What is expected:
From the first line to the last, set down the material exactly, leaving out its pictures.

Dataset content:

>>

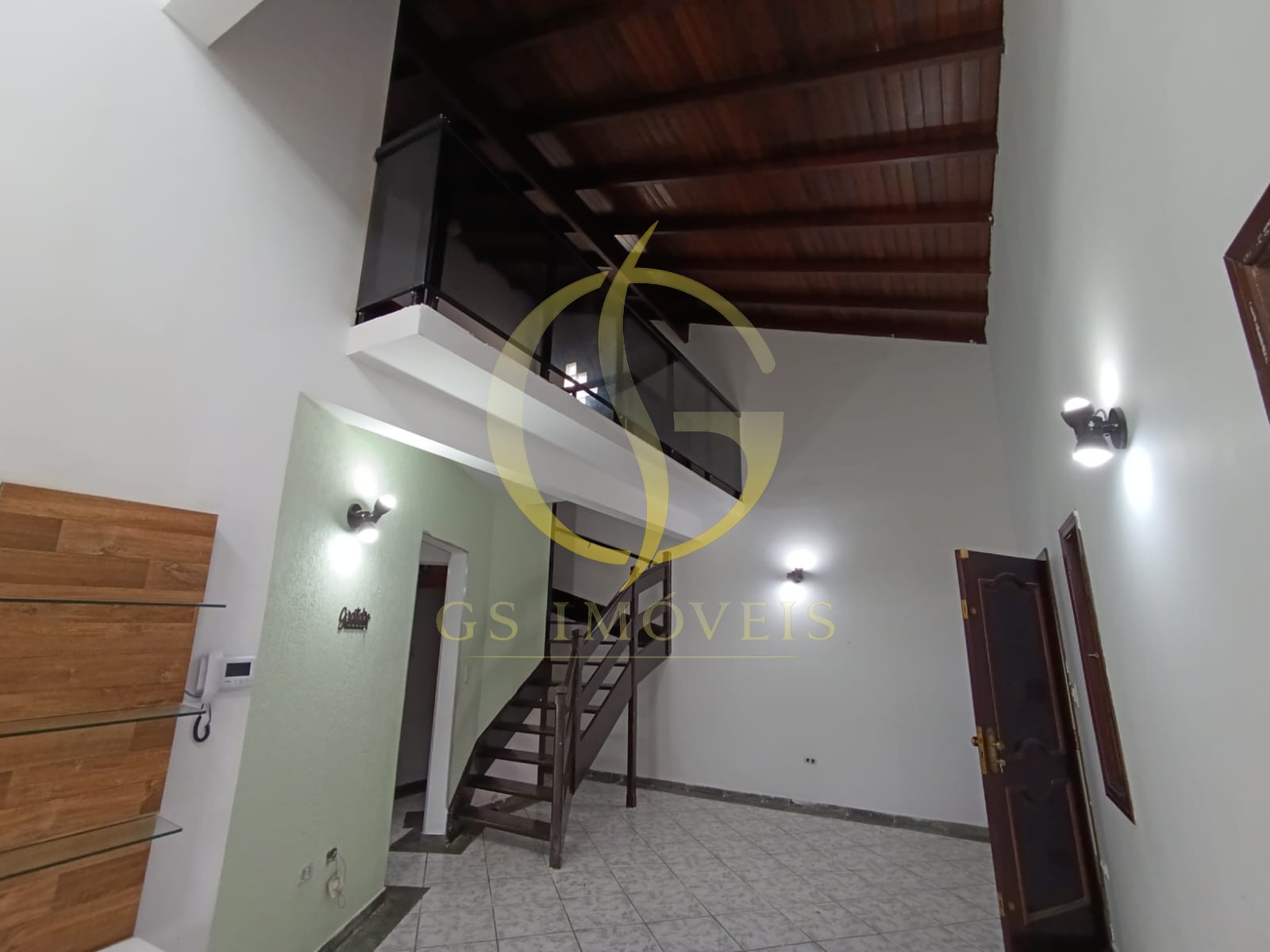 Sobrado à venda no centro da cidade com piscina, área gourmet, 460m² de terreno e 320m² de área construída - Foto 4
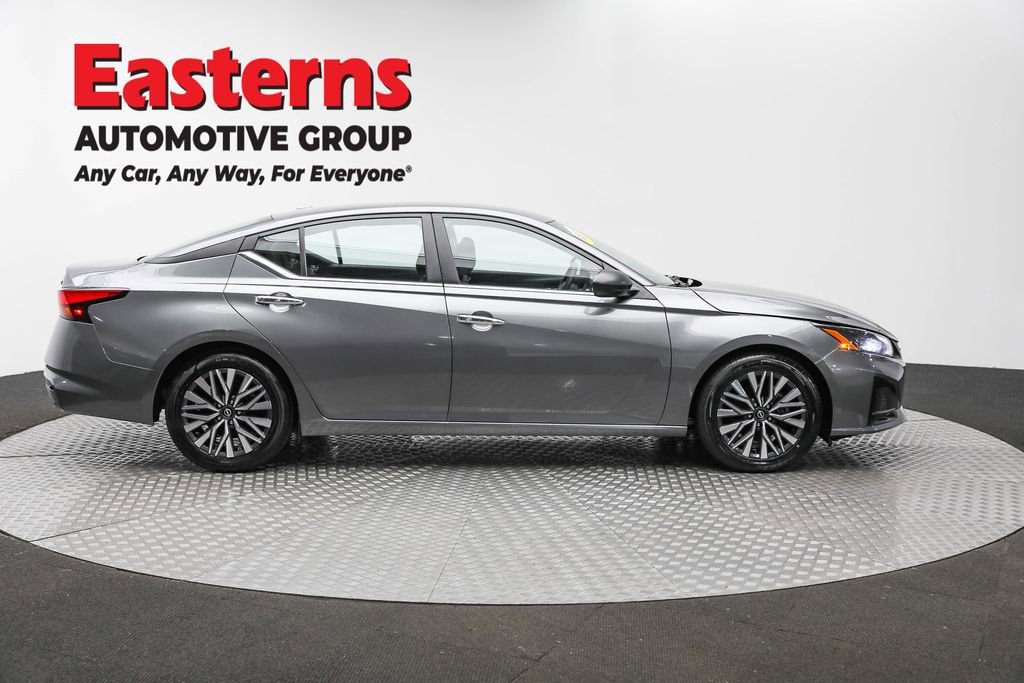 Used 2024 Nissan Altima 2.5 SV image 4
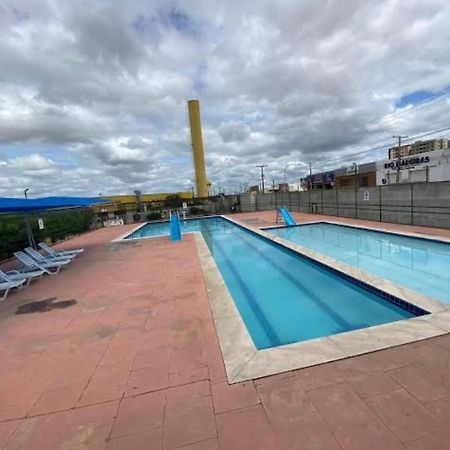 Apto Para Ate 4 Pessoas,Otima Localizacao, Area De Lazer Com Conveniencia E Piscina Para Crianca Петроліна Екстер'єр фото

<<

Task result:
 Sobrado à venda no centro da cidade com piscina, área gourmet, 460m² de terreno e 320m² de área construída - Foto 4
 Used 2024 Nissan Altima 2.5 SV image 4
 Apto Para Ate 4 Pessoas,Otima Localizacao, Area De Lazer Com Conveniencia E Piscina Para Crianca Петроліна Екстер'єр фото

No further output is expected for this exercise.